I have a problem with a winding application. I am winding paper on a spindle. The paper is being fed to the spindle from another machine through a series of 'free' spinning rollers. The winding spindle/motor/drive is in "torque mode" where I am asking it for a certain torque or current. The problem comes when the incoming paper speed is increased/accelerating. From what I understand, the winding spindle can only accelerate so fast with a certain amount of torque. When the winding spindle is accelerating, this acceleration is taking some of the torque away from the winding tension, so the winding roll's tension is decreased during an acceleration. If the acceleration is great enough, the winding roll will lose all tension, causing the incoming paper before the spindle to drop or bag and continue to get worse as all torque is now accelerating but not accerlerating as fast as the incoming paper.
When the incoming paper speed does level out the winding roll is moving at such a high speed, by the time it winds the fallen paper back up, and this paper again becomes taught, it 'pops' the paper and if bad enough will break the paper.

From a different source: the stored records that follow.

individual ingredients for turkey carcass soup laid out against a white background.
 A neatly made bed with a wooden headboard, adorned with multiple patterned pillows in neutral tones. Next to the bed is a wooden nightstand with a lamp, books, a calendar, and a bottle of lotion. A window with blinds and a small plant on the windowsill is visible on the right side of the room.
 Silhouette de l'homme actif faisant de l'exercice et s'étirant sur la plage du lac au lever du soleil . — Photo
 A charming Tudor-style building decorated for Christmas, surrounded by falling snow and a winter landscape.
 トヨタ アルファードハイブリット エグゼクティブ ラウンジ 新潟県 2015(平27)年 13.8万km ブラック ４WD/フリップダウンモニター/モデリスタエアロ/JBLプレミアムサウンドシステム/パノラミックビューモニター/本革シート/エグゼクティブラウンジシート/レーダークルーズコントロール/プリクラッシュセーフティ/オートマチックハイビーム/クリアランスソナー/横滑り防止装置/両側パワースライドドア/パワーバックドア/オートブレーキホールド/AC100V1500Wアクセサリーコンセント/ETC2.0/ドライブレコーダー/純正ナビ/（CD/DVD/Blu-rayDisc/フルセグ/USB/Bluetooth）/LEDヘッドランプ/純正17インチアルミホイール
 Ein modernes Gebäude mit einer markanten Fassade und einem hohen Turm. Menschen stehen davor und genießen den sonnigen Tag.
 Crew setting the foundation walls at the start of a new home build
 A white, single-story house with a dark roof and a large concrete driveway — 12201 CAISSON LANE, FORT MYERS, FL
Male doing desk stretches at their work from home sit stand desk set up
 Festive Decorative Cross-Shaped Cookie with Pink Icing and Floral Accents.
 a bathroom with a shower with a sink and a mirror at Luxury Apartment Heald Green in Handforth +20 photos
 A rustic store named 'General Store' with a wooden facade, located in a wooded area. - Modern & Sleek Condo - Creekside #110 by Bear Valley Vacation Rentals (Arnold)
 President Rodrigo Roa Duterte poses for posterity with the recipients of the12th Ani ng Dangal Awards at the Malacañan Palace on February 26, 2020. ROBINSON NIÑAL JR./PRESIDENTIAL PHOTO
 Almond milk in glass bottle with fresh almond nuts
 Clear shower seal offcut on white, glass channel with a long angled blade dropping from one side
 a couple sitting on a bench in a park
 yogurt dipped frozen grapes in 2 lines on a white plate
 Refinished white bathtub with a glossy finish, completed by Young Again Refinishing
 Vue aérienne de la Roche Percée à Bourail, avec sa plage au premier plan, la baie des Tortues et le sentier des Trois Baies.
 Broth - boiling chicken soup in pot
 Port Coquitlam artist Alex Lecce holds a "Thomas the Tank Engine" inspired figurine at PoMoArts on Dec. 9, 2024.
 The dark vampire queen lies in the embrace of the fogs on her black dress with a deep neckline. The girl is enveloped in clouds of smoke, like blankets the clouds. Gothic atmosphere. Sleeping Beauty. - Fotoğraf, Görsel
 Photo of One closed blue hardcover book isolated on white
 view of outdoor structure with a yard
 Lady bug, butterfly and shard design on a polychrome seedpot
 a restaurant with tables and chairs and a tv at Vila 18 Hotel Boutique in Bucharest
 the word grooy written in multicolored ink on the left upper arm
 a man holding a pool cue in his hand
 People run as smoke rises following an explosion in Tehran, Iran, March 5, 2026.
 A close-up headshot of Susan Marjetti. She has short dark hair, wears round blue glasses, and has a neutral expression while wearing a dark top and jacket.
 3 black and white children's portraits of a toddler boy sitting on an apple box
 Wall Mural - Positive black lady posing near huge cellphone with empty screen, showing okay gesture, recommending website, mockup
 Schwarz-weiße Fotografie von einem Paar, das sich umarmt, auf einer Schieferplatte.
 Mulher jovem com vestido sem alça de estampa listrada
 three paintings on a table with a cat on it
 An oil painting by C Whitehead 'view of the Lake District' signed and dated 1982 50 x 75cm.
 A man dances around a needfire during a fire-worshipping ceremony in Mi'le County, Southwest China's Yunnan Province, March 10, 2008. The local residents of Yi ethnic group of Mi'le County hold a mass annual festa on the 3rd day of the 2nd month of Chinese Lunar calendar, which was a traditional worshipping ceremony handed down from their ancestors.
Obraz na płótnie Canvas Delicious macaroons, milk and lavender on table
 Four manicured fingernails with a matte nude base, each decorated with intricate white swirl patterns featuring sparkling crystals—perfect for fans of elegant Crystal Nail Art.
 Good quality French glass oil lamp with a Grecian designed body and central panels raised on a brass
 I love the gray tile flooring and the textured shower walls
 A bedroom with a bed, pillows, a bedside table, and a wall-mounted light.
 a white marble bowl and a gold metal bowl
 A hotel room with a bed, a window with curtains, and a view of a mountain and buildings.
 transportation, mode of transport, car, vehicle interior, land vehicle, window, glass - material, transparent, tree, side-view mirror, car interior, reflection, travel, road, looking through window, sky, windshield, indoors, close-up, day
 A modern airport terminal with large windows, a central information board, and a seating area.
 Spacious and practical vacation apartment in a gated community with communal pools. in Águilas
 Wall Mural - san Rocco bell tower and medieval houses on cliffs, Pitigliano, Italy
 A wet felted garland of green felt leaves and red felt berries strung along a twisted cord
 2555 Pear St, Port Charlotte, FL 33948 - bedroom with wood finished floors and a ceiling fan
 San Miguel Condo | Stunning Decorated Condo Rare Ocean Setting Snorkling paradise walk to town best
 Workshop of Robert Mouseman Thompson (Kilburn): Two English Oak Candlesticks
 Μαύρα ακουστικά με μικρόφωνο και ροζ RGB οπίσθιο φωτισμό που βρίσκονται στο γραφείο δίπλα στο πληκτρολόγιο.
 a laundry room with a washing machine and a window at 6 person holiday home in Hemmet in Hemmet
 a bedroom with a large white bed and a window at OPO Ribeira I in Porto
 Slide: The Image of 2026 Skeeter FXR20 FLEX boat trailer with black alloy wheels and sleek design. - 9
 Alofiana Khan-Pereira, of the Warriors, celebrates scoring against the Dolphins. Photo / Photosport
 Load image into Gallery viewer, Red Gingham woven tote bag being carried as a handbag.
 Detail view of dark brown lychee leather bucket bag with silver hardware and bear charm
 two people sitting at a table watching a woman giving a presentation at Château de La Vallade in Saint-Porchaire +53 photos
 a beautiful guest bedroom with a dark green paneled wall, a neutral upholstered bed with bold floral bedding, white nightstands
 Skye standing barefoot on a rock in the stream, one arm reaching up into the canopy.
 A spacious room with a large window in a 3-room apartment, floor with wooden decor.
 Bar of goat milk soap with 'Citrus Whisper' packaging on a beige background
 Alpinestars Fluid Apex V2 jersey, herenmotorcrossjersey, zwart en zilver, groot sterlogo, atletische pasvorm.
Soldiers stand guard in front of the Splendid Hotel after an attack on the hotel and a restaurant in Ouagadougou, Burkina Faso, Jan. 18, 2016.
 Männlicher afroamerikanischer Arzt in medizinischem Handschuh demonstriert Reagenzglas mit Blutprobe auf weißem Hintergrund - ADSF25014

The loss of tension during acceleration is acceptible unless bagging and subsequent popping occurs. In theory one could increase the torque to account for acceleration and there would be no tension loss. This is a tricky game however as this introduced acceleration torque must be applied exactly in magnitude and timing and removed similarly or this acceleration torque if not applied correctly could allow some bagging only to rapidly accelerate the winding spindle and perhaps create worse of a pop then before, as well if the magnitude is great enough and not removed in time this torque could break the paper as well.
Controlling this loop seems impossible when thinking about delays in detecting the acceleration and delays in calculating/applying the compensation torque. Additionally as one can imagine, the smaller the diameter of the winding spindle the worse the situation gets. Previous designs with larger spindles have not been perfect with our acceleration rates but have been acceptible, it is this new attempt with smaller spindles in which this problem has grown to unacceptible levels. Is there something simple that I am overlooking or any other ideas that I should be trying to resolve or improve this scenerio? Any help or ideas that anyone can offer would be greatly appreciated. Thank you for your time.